▶ [Data segment]
■ ■ ■ ■ ■ ■ ■
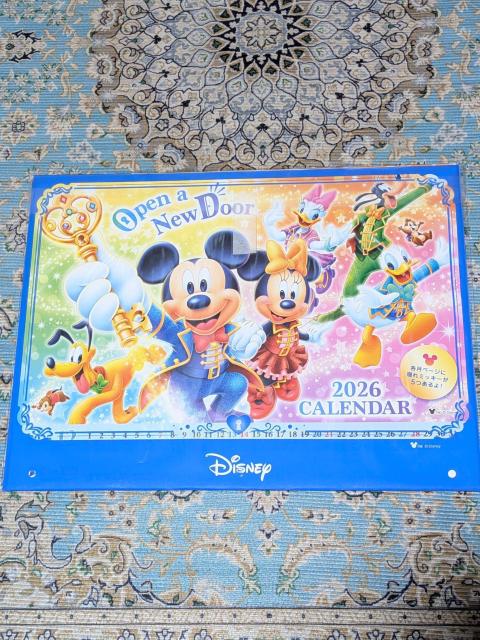 *☆+°2026年カレンダー*☆+°ミッキーマウス柄*☆+°未開封 < ホビー *☆+°2026年カレンダー*☆+°ミッキーマウス柄*☆+°未開封 < ホビーの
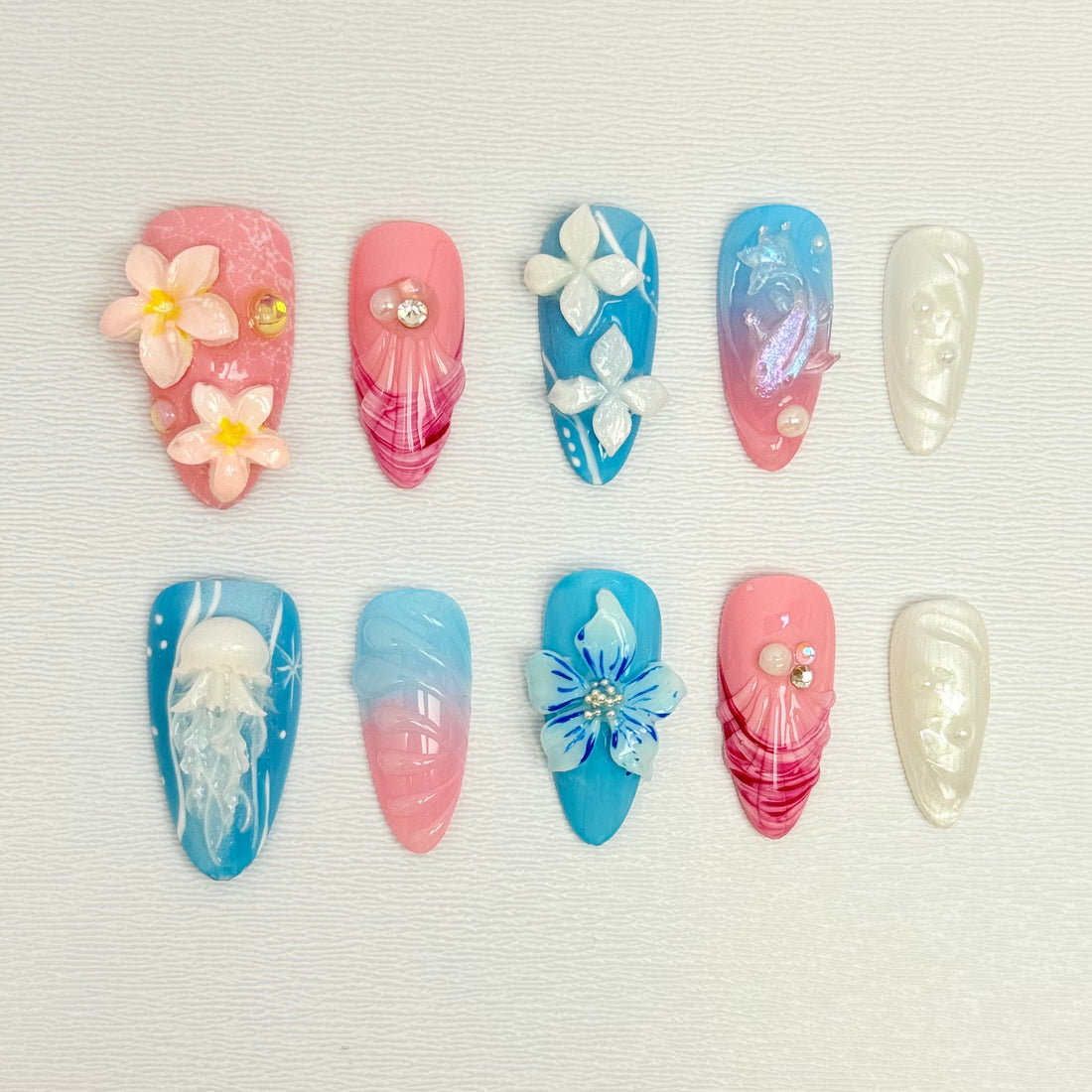 Ocean Bloom Fantasy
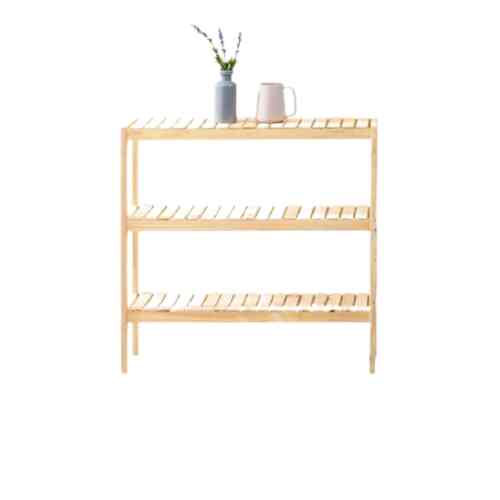 Rak Kayu Susun  80 cm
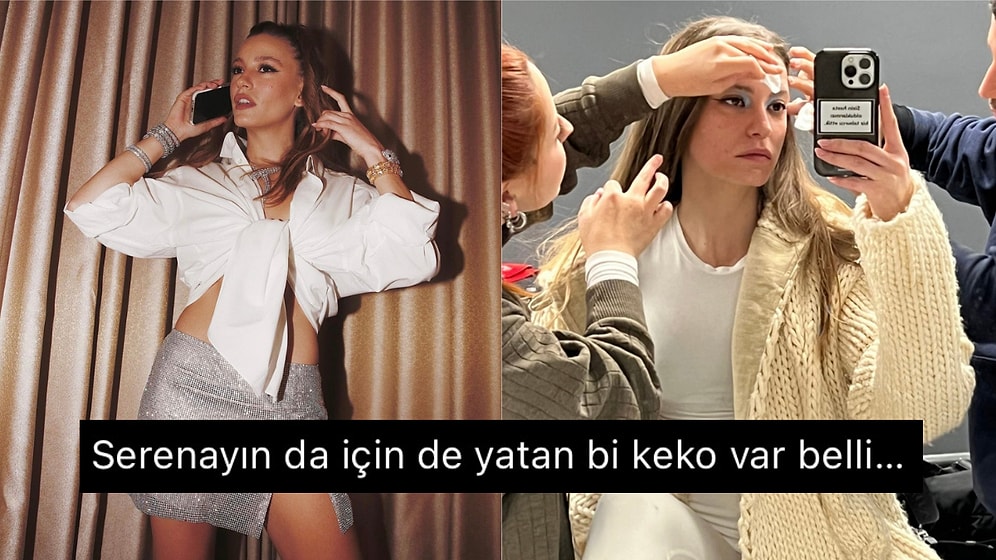 Serenay Sarıkaya'nın Telefon Kılıfının Arkasındaki Kamyon Yazısı Gündeme Bomba Gibi Oturdu!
■ ■ ■ ■ ■ ■ ■
▶ [About this exercise] No pictures belong in the copy. Return exactly the lines from the line containing "Ocean Bloom Fantasy" through the last line of the listing.

▶ [Your solution]
 Ocean Bloom Fantasy
 Rak Kayu Susun  80 cm
 Serenay Sarıkaya'nın Telefon Kılıfının Arkasındaki Kamyon Yazısı Gündeme Bomba Gibi Oturdu!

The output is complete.